Sus recuerdos de las dos guerras son claros, de la primera no recuerda mucho ya que era muy pequeña, sí tiene presente la tardanza de su papá para retornar de ella, teniendo la incertidumbre de saber si estaba vivo. En la segunda guerra, su memoria guarda momentos de angustia, como los de las noches que pasaba en los refugios, o la falta de comida, racionada o buscando raíces, pero sobreviviendo.
Es a fines de la segunda cuando conoce a su marido, Alfredo, que residía en Argentina desde 1931 pero que luego de la guerra había viajado a su país natal. En Argentina ella se dedicó a cuidar a sus hijos, Irene y Pedro y también a jugar al golf, pasión que también la acompañaba desde su infancia. Durante años vivieron en Buenos Aires, para trasladarse a Pinamar en los veranos, trabando amistad con Carlos Gesell, creador y forestador de este increíble lugar.
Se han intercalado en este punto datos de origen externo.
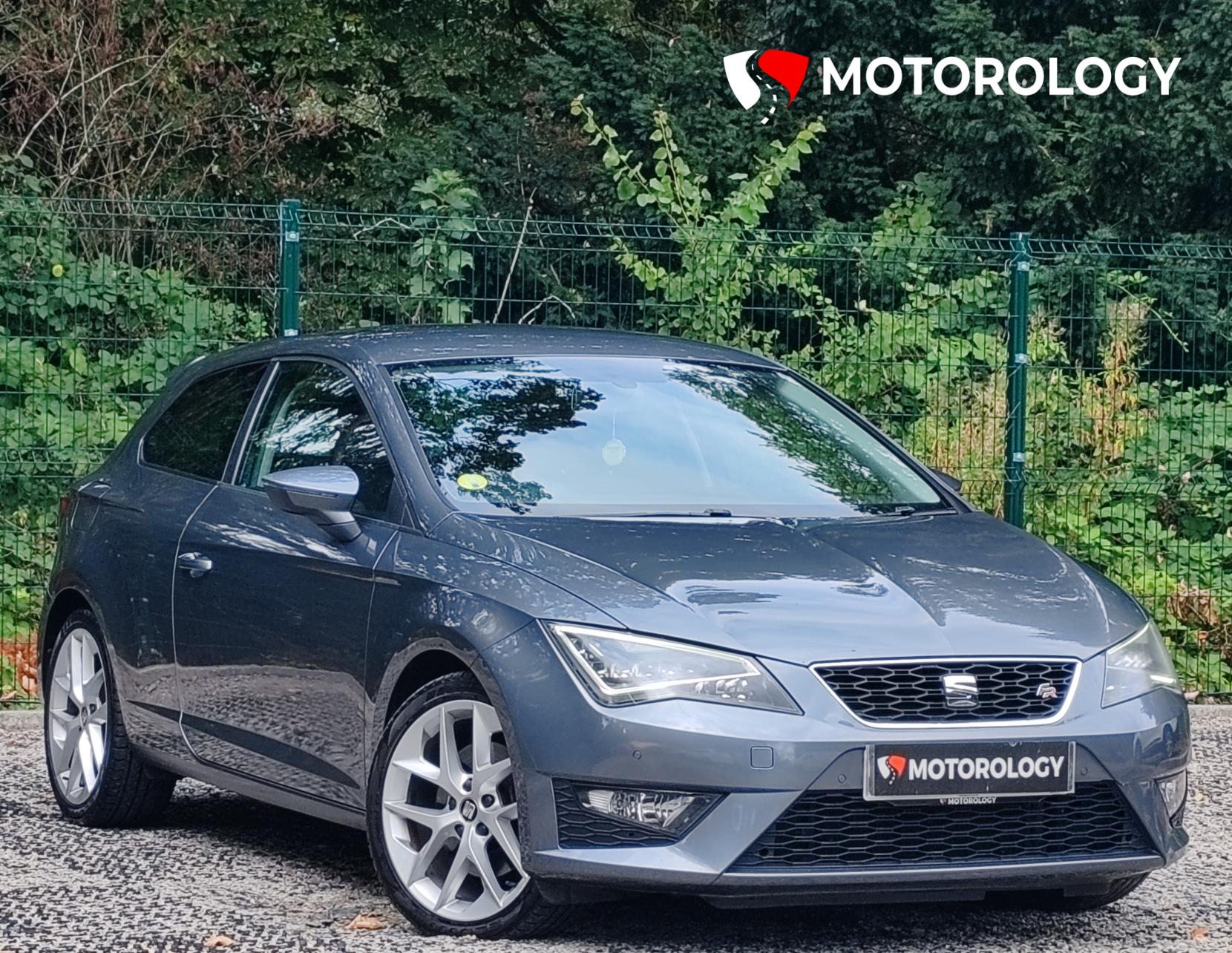 2014 SEAT LEON for sale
Su mente se remonta a los inicios de Pinamar, en los que era “todo playa y médanos”, en una época en las que los terrenos eran amplios y espaciosos, como su casa, que está ubicada a sólo 200 metros del mar, sobre un médano, desde allí, interpretando el viento, sabe si habrá olas en el agua. “El mar es mi vida, es mi hermano”, dice y en su mirada que se pierde en la inmensidad del mar, sabe que su sabiduría, también, seguramente, viene del mar.